Diego Rivera and his wife Frida Kahlo (photographer: Carl Van Vechten)

Diego is perhaps best known by the world public for painting a vast mural in the 1930s featuring early communist leaders juxtaposed with the Founding Fathers of the United States in the lobby of the Rockefeller Building. That work was quickly destroyed by angry Rockefeller staff people before it could be completed in that location; see the movie Cradle Will Rock for a reenactment.

Background

Rivera was of Jewish Converso heritage and Catholic upbringing, but a professed atheist and communist for most, if not all, of his life. He is said to be regarded in Latin America today as a folk hero. From a common-law marriage to the artist Angelina Beloff he had a son, Diego Jr., who did not survive infancy, and from a relationship with the Russian emigrée painter Marie Vorobieff-Stebelska (Marevna) he also had a daughter, Marika Rivera. His marriage to the Mexican painter Frida Kahlo was childless after a miscarriage, but he nevertheless spent a rocky lifetime relationship with her.

Early career in Europe

On his arrival in Europe in 1907 Rivera initially went to study in Barcelona, Spain, and from there proceeded to Paris, France, to live and work with the great gathering of artists in Montparnasse, especially at La Ruche, where his friend Amedeo Modigliani painted his portrait in 1914.[1] The circle of close friends that included further Ilya Ehrenburg, Chaim Soutine, Modigliani's wife Jeanne Hébuterne, Max Jacob, gallery owner Leopold Zborowski, and Moise Kisling, was captured for posterity by Marie Vorobieff-Stebelska (Marevna) in her painting "Homage to Friends from Montparnasse" (1962).[2]

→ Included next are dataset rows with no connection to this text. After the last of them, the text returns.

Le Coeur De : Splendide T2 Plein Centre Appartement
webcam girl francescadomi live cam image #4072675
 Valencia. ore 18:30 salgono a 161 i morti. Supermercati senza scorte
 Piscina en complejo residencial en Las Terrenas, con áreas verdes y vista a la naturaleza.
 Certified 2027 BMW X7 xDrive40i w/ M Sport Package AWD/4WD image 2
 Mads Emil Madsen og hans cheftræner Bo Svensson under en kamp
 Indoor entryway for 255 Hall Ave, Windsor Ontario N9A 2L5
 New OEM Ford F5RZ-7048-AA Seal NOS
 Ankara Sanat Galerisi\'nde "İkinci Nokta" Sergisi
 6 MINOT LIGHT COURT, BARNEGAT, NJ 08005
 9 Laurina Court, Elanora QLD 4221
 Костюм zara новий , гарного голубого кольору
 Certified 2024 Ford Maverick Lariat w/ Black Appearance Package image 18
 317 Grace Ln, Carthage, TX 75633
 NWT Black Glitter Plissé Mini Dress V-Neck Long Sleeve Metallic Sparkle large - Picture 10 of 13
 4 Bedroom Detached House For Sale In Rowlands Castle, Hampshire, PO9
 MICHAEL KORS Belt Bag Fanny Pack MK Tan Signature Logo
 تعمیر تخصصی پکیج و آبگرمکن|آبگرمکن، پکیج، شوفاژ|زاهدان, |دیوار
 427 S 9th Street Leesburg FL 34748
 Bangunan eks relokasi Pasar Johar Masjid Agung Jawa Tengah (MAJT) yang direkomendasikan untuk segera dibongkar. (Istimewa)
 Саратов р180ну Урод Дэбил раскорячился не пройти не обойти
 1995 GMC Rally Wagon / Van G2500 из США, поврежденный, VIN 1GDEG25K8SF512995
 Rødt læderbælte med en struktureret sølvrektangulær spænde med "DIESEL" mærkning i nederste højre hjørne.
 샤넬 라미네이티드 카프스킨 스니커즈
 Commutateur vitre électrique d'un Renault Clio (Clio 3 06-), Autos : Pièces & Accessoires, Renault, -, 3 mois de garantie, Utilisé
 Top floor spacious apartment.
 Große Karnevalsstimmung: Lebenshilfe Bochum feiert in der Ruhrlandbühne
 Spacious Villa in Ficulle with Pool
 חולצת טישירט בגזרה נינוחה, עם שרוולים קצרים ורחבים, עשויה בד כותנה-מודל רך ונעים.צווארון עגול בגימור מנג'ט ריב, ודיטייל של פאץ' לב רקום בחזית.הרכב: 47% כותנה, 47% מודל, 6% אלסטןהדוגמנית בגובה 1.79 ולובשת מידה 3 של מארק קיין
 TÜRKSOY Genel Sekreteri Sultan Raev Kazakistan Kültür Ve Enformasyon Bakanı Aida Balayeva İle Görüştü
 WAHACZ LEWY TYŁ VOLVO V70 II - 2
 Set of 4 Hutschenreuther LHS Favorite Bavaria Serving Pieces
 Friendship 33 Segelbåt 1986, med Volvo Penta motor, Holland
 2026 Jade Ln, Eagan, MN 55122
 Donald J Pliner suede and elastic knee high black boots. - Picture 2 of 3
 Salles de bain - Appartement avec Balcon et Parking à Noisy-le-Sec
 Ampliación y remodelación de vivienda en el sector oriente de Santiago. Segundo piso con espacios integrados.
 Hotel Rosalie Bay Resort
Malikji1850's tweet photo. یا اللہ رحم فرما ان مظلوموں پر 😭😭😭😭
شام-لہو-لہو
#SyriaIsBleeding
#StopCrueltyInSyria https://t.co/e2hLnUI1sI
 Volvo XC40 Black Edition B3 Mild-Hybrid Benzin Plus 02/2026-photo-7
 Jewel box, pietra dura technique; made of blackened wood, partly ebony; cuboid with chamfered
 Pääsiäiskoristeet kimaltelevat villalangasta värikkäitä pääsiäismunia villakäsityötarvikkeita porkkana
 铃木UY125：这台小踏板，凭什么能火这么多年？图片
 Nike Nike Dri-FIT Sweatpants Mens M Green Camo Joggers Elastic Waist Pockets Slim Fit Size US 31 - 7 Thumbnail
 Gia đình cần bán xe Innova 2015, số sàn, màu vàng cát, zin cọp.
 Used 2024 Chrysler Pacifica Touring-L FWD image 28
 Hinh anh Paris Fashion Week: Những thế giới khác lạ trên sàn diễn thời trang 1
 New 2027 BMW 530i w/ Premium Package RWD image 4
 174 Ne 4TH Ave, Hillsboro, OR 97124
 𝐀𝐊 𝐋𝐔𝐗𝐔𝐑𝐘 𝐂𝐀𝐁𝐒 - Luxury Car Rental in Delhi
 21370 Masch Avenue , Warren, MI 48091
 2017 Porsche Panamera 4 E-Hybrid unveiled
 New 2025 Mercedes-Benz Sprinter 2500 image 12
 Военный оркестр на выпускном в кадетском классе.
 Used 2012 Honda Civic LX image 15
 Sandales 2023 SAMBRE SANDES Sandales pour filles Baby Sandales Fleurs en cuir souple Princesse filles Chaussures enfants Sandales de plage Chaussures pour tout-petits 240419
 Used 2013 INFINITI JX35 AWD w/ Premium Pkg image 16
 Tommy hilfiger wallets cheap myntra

Paris in those years was witnessing the emergence of cubism in paintings by such eminent painters as Picasso, Braque and Cezanne. From 1913 to 1918 Rivera himself enthusiastically embraced this new school of art, as his masterly cubist paintings from this time demonstrate. His paintings began to attract attention; and was able to display them at several exhibitions.

Career in Mexico

In 1920 Rivera left France and, travelling via Italy, returned in 1921 to Mexico, where he continued his prolific career as an artist. Having been born in Guanajuato, he now became involved in the new Mexican mural movement. With such Mexican artists as José Clemente Orozco, David Alfaro Siqueiros, and Rufino Tamayo, and the French artist Jean Charlot, he began to experiment with fresco painting on large walls. Rivera soon developed his own style of large, simplified figures and bold colours. He had also become interested in left-wing politics. Thus when he painted his first mural, he presented ethnic Mexican subjects in a political context. Many of his murals deal symbolically with Mexican society and thought after the country's 1910 Revolution. His art, in a fashion similar to the stellae of the Maya tell stories. One mural “En el Arsenal” 'in the arsenal' [3] which shows to the left Vittorio Vidale, Tina Modotti (holding an ammunition belt), and Julio Antonio Mella (with hat) is said by some to elucidate the political murder of Mella. Rivera's radical political beliefs, his attacks on the church, and clergy, as well as his flirtations with trotskyites and left wing assassins made him a controversial figure even in communist circles. Some of Rivera's best murals are in the National Palace in Mexico City and at the National Agricultural School in Chapingo, near Texcoco.

Later work abroad

 
Detroit Industry, North Wall, 1932-33. Detroit Institute of Arts.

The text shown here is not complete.